Los Angeles Considers Ordinance Banning the Feeding of City's Growing Homeless Population
The Los Angeles City Council is considering a ban on the feeding of homeless people in public spaces even as the city's homeless population has dramatically defied a national decline.
The county's homeless population stands at 57,737, a 15 percent increase from 2011 to 2013, reports the Department of Housing and Urban Development. As the population moves into areas like West Hollywood, Venice and Brentwood, it has frustrated homeowners and led two city council members, Tom LaBonge and Mitch O'Farrell, to introduce a resolution that would ban outdoor feeding.
But even while the rest of the city grapples with the influx of homeless people, the majority of them are still concentrated in the Los Angeles neighborhood of Skid Row. Back in the 1970s, the city decided to intentionally concentrate homeless and drug addiction services like missions, shelters and recovery centers in the neighborhood in downtown Los Angeles.
Andy Bales, the CEO of the Union Rescue Mission, a Christian nonprofit organization that has been serving the Skid Row community since 1891, described the 49-square block area as "like nothing else in the entire U.S."
"It is probably the biggest manmade disaster in the U.S. to plan it that way," Bales told The Christian Post. "Though we've had efforts since then to deconstruct it and move it outside, I guess the neighbors in the surrounding areas do not want to have services in the area, so now the folks are caught in the 'twilight zone' of Skid Row."
Roughly 2,000 people live on the street, said Bales, as well as the hundreds that live in the shelters and low-rent hotels.
According to Bales, the majority of the existing services would not be among those affected by an outdoor feeding ban.
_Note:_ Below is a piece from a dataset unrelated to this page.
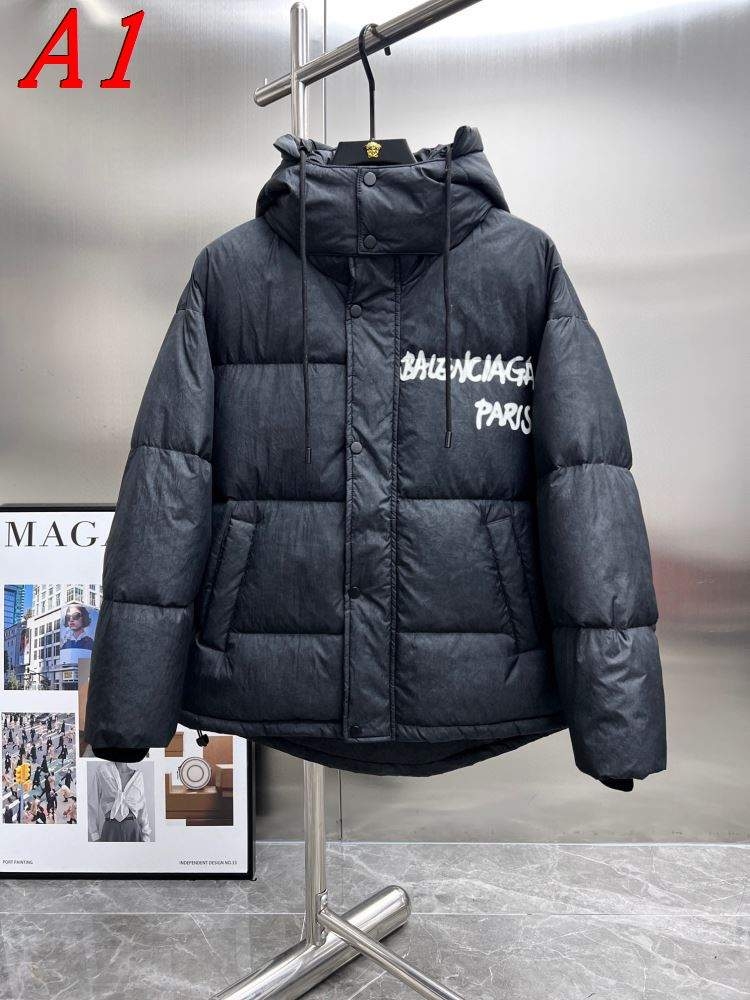 2025 バレンシアガ 新商品 ダウンプレミアムダウンジャケット ファション性の高い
Instead, many are groups coming from outside the neighborhood or city and enter Skid Row with "day-old Krispy Kreme doughnuts" or "barbequed chicken" independently, not partnering their efforts with those of existing missions.
Deon Joseph, an officer with the Los Angeles Police Department who has worked in Skid Row for 16 out of his 18 years in the field, is critical of the impact of these efforts.
In a Facebook post earlier this year, Joseph wrote to would-be outdoor feeders, "When you feed [homeless people] in the street, you unintentionally rob them of any incentive to change, cause them to eat in a filthy environment, which many of them contribute to as they eat what they like, and throw the rest into the street. This is why you see the unhealthy conditions that the homeless in Skid Row live in."
"You must understand that when you feed the homeless in the street, you unintentionally rob them of any incentive to seek assistance from the various services in the area," he added.
In his experience, Bales said the other problem the groups cause is they do not build long-term relationships with individuals, often duplicating existing feeding services but undermining some of the longer-term efforts of the organizations.
"I think what people don't realize is that there's probably plenty of food being fed on Skid Row and that folks should connect with a mission that has a food program," said Bales.
For instance, Bales' own group uses its feeding program to encourage people to join a year-long Christian-based recovery program to help participants work through anger problems, drug addiction and establish a relationship with God.
Some of the incentive for change is lost, he says, when people just receive food on the street.
Yet Bales also said that given the increase of homelessness in Los Angeles County, he would not suggest banning outdoor eating, which he admits his organization participates in when it cooks more than 100 turkeys during the holiday season. Instead, Bales wants to push for more effective cooperation between the existing and visiting groups.
"There are so many people on the street that I would not want to inhibit any feeding of people who are desperate who may not be anywhere near where services are available," said Bales, admitting that he used to go out weekly to feed the homeless.
"I'd hate for folks who are [feeding outside] in a smart way, connecting people to services, I'd hate for them to have a restriction on being able to feed," he added.
Joseph suggested that individuals seeking to help Skid Row's homeless population pass out hygiene kits or bottled water. At a larger level, he said, if other cities in Los Angeles County built shelters, it would help decrease the density of homelessness in the neighborhood and could help mitigate issues like crime and violence.
The officer, a "born-again Christian," said that he wanted to be clear that he is not trying to discourage individuals from coming out to Skid Row, but wants them to be aware of the nuances and challenges of solving homelessness and transforming lives, and that it's more than "throwing food and clothes at the homeless."
"[Outdoor feeding] at Skid Row just seems to be the easy thing to do. Let's look throughout history, because any noble thing was hard," Joseph told CP.
"People want to come down and do good, but they drive off and what they don't realize is that they are a part, both indirectly and directly, of worsening the quality of life and furthering the crime when they leave. A sandwich has never changed anyone's life in Skid Row," said Joseph.